J’ai conscience de vivre quelque chose d’au moins aussi banal (quoique jugé moins dramatique) que la mort d’une mère, et je sais à quel point ce peut être inaudible pour quiconque endure ou a enduré de vraies tragédies, mais tout autre discours serait foutaise. Après seize ans de vie commune, et malgré mille brouilles, mille désaccords, une montagne de déceptions et de regrets, je considère que c’est plutôt un succès que de n’éprouver devant la perspective de ce départ aucune satisfaction. (Il faut dire également que l’absence d’envie, d’entrain, d’implication, le repli qu’il est difficile de ne pas qualifier d’autistique de Léo devant ce qui l’attend, ainsi que l’impossibilité d’établir avec lui une conversation véritable autour de ces sujets, n’aide pas à considérer ce départ comme une bonne nouvelle. Je le rejoins en tout cas dans son vœu de ne le voir s’éloigner qu’un petit peu, à Chambéry, même si je l’incite à aller voir ailleurs, plus vaste peut-être, et plus loin.)
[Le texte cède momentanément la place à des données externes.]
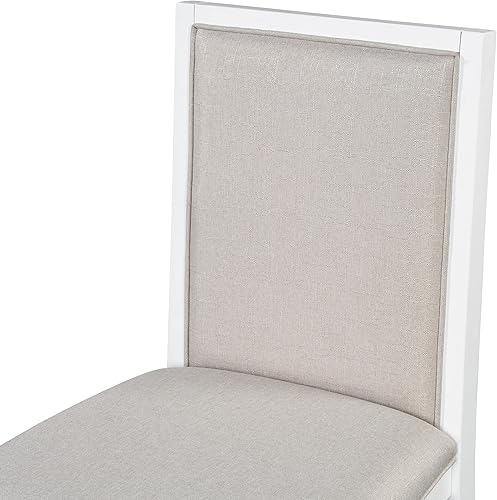 Miniatura 9 de Merax Mesa de comedor extensible de 5 piezas y 4 sillas tapizadas, juego de mesa de comedor redonda ovalada para 4, juego de mesa de cocina de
Le chien arrive à point nommé pour combler le vide qui est en train de se creuser, lui qu’on appelle « mon bébé », avec qui on minaude, on joue et on s’inquiète comme on le faisait autrefois. C’est aussi pour cela que cette relation est à la fois si intense et si fragile, cernée par les ombres, nimbée de nostalgie.

Les larmes du nostalgique, c’est la vengeance de ceux qui n’ont pas engrangé suffisamment de souvenirs heureux pour éprouver dans leur chair le regret du passé. Elles forment chez moi un lac, voire une mer, avec une île au milieu que j’appelle « Madère ». C’est mon monde intérieur. J’y habite tout seul, sans que cela ait quoi que ce soit de triste. « Chacun vit dans son île », chantait Vasca. Lorsque je tourne en rond sur ses sentiers, accroché au chien des souvenirs, le « mal des autres » ne peut être « mon tourment » tant le mien me remplit tout entier, et le souci du temps.
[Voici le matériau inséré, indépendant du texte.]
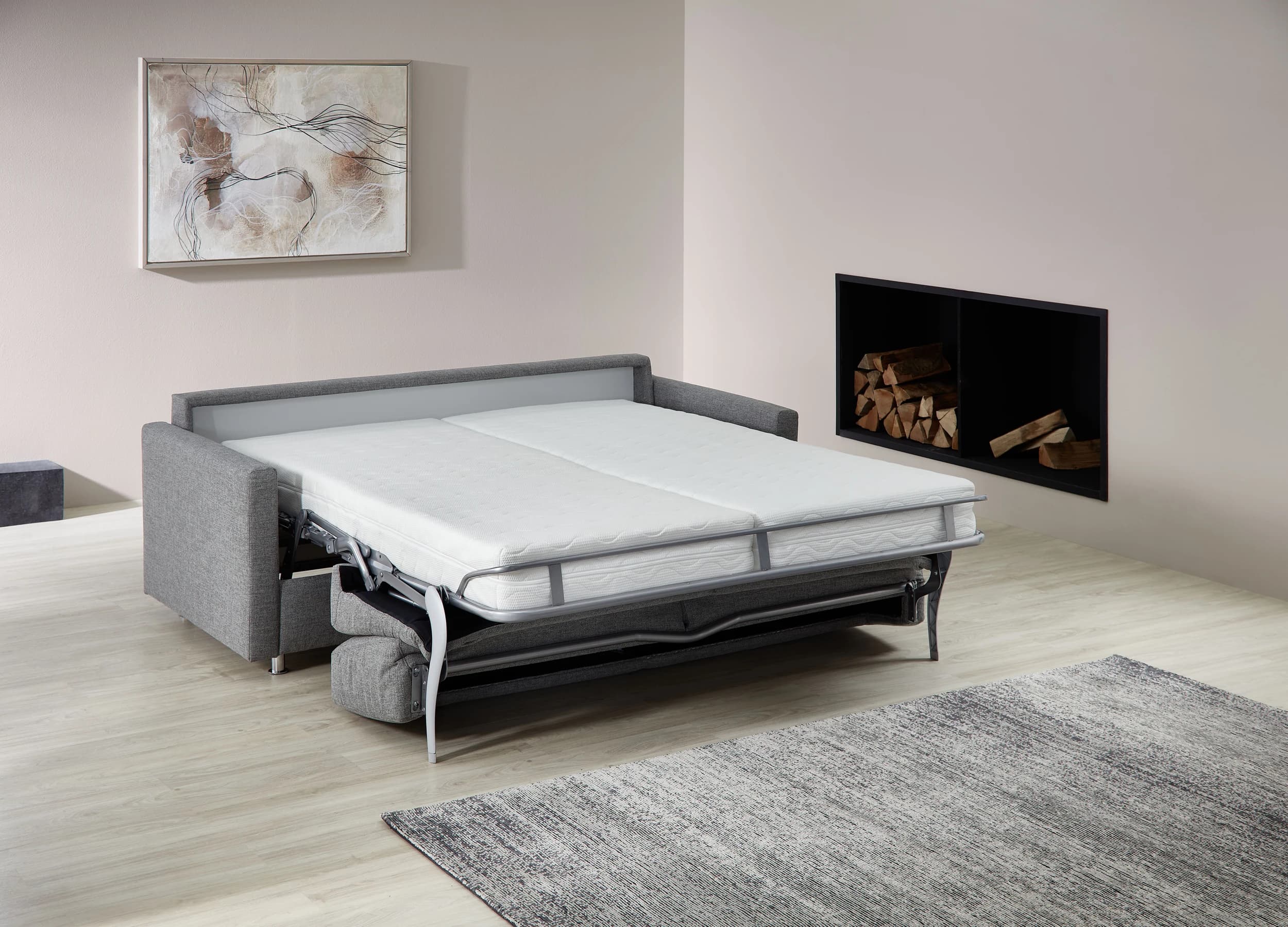 Sofa - 2-Sitzer mit Schlaffunktion, Stoff, Grau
La nuit venue, je rêve que j’ai déménagé dans une petite ville du Jura qui comprend le mot « bourg ». La maison vétuste donne sur la place du marché, et l’on dirait plutôt un village de moyenne montagne. La grande terrasse est bâchée comme le sont les stands au marché. Depuis la fenêtre de l’étage que ne protège aucun parapet, je ressens un vertige terrible. Une partie de la maison est occupée par une autre famille, et comme il n’y a aucune isolation on entend tous les bruits du dedans, du dehors. D’abord, je me réjouis de changement. Je dis que la vue n’est pas si laide, après tout, et que ce sera intéressant de décrire ce nouveau paysage, le va-et-vient des gens et des voitures, cela changera de la Vigie du Villard ; puis je me scandalise d’avoir laissé ma jolie maison pour ce taudis, et je crie que je ne veux absolument pas être étudiant dans cet endroit sinistre !

Soulagement de marcher maintenant dans la lumière familière et l’amitié de ma forêt. Que les enfants s’en détournent et fassent leur vie loin d’ici, tant mieux : je resterai quoi qu’il en soit le dragon protégeant les trésors de leurs souvenirs d’enfance, le gardien de ce lieu, le grillon de mon île.